First we tasted the St. Louis Ribs, which are smoked with a simple rub. According to Bobby, "authentic" barbeque is supposed to have a little "pull" to the meat (meaning you need to work a bit to get it off the bone), the ones we tried were as tender as could be, and literally fell off the bone into your mouth. He noted that in the northeast, people tend to like the more tender meat, so he gives the people what they want. He also stated that while in other parts of the country, people prefer the St. Louis style ribs, here in Connecticut, the Baby Backs are by far the better sellers. Different demographic, different tastes.

It was time to move indoors into the kitchen, where we gathered around the smoker large enough to shelter a small family (a mere $25,000, if you're in the market for one). When the door opened, we saw a gigantic Boston Butt coming around on the rotisserie, which operated much like a ferris wheel (the meat sitting on one of the "seats", which is really a large, moving rack). Luckily for us, it was just ready to come out of the smoker, so the chef pulled it out, deboned it (the bone literally slid right out), and began to shred the meat. To say it was tender would be an understatement. Then the brisket came out. I felt this particular cut had been a bit dry and overcooked (and the chef concurred), but it was still decent. It perhaps just needed some of that tableside dipping sauce to moisten it up.
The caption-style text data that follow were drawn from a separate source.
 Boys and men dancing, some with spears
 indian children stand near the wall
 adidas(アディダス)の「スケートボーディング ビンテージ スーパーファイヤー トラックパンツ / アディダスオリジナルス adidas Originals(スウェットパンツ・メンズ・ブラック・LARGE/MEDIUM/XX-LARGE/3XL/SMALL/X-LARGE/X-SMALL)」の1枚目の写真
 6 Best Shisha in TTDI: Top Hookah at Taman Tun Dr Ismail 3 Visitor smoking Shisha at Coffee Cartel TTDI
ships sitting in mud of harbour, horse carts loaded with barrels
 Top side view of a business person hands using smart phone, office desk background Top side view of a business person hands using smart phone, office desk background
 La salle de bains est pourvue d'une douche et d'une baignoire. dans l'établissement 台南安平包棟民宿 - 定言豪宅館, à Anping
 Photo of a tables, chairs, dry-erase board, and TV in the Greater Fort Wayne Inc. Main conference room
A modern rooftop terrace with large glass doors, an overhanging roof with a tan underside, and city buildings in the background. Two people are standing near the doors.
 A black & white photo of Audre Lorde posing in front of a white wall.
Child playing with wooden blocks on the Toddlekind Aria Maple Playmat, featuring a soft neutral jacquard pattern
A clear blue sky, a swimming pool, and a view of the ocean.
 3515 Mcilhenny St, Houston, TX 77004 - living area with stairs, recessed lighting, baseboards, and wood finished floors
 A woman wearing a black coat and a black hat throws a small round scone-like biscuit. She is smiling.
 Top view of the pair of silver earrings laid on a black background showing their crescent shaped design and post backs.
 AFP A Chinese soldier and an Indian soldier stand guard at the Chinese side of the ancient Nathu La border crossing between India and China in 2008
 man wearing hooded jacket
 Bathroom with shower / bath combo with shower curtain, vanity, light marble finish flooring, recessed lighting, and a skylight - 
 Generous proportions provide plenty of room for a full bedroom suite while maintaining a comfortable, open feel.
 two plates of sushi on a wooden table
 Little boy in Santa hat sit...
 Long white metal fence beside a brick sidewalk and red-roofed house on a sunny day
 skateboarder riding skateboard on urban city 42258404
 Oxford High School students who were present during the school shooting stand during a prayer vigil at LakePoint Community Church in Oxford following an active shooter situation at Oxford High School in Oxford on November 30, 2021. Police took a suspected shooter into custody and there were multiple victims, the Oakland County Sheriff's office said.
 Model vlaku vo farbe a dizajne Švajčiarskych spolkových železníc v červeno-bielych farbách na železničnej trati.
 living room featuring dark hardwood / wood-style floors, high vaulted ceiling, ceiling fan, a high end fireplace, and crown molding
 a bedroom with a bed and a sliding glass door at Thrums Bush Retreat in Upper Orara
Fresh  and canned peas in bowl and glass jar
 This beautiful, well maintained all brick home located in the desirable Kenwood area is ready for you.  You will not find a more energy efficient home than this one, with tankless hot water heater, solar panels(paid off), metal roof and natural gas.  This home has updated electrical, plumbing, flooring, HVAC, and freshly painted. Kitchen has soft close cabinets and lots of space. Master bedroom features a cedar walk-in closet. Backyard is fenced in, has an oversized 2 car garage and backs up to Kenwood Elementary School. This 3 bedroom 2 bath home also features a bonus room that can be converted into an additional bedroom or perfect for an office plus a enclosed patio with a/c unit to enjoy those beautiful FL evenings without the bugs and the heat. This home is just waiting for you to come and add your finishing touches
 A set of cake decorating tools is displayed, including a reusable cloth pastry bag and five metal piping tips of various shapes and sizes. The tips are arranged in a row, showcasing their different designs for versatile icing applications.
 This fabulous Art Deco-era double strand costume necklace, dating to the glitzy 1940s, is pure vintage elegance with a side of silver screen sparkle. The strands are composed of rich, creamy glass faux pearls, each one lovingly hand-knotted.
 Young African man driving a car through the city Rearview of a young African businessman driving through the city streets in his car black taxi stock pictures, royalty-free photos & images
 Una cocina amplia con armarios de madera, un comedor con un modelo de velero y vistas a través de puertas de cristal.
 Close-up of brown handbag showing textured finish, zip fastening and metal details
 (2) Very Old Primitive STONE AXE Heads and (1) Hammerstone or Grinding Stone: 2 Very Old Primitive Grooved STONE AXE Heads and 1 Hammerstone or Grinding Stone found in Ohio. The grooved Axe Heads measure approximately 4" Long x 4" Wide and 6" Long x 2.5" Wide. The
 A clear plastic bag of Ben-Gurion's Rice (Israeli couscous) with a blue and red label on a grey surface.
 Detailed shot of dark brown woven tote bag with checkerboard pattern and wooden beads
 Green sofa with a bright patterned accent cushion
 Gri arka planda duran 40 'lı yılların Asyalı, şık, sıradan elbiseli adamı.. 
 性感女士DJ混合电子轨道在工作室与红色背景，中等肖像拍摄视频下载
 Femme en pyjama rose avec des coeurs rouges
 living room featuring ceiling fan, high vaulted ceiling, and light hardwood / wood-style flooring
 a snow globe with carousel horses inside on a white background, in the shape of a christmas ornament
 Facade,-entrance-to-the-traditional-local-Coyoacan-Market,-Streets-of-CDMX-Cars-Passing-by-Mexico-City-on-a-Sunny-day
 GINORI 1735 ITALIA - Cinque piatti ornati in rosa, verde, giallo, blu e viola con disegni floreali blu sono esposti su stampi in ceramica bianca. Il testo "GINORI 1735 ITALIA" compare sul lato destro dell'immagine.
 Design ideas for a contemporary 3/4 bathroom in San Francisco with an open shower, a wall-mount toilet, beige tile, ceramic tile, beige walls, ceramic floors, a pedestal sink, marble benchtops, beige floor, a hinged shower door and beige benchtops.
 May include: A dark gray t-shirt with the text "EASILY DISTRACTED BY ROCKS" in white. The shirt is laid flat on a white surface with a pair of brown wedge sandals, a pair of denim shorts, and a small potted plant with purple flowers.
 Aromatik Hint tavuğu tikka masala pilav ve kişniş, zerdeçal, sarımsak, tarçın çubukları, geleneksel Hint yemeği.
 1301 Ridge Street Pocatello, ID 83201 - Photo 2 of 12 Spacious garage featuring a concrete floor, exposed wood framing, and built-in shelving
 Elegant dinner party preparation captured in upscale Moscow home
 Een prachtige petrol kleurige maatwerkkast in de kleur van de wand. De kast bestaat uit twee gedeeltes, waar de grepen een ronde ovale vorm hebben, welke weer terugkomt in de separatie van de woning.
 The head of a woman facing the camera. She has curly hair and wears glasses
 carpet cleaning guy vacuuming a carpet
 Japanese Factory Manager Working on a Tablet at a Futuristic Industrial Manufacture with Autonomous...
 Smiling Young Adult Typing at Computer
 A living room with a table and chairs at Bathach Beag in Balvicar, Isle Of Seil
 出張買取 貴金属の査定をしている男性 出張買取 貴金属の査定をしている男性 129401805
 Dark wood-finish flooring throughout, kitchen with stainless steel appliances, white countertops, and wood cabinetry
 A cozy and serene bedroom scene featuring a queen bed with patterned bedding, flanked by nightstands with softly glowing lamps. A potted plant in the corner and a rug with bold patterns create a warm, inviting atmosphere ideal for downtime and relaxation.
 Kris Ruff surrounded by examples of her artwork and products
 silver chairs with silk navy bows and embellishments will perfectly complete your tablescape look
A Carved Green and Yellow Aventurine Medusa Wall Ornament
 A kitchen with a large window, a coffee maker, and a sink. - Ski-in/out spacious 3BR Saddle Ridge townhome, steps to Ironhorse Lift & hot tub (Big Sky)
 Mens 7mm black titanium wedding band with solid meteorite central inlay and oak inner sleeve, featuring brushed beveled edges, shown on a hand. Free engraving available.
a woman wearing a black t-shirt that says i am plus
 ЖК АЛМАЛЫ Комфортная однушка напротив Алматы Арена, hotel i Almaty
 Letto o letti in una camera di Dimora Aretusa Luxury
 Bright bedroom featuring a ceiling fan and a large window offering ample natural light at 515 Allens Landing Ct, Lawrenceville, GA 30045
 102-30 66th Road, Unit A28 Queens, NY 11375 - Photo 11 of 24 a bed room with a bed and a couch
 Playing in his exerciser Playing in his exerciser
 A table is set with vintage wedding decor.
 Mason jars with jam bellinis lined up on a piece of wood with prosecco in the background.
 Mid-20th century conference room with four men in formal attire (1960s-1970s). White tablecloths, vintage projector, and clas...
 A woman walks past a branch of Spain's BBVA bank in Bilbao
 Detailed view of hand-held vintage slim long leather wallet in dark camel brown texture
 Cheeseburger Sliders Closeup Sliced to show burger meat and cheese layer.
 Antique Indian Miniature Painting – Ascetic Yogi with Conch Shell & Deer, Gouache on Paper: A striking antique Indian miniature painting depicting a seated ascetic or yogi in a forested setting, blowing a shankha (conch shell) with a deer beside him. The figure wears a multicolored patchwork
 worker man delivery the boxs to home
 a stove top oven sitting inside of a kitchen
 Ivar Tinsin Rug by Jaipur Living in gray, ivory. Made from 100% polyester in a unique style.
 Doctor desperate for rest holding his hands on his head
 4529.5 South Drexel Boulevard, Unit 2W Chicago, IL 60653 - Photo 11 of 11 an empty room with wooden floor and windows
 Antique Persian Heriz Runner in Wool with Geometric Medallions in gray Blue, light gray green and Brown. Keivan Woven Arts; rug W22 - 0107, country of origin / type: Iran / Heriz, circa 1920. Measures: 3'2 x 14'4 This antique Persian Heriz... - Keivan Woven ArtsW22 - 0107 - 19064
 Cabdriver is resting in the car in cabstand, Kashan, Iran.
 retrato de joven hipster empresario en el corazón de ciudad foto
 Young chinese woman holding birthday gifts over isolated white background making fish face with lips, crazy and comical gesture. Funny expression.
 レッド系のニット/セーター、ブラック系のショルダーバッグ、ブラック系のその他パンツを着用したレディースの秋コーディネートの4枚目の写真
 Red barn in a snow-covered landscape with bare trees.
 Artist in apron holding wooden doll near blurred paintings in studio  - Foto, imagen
All in all, the class was informative and fun. It didn't surprise me that the participants were mostly men, whereas my classes consist almost exclusively of women. I suppose people consider barbeque more "manly" than other types of cooking. Manly or not, it is certainly one-sloooow-process, for which I'm not sure I have the patience. The results are great, but waiting 8 hours for some ribs to cook is not my kind of weekend activity. I think I'll leave the smoking to Bobby Q's.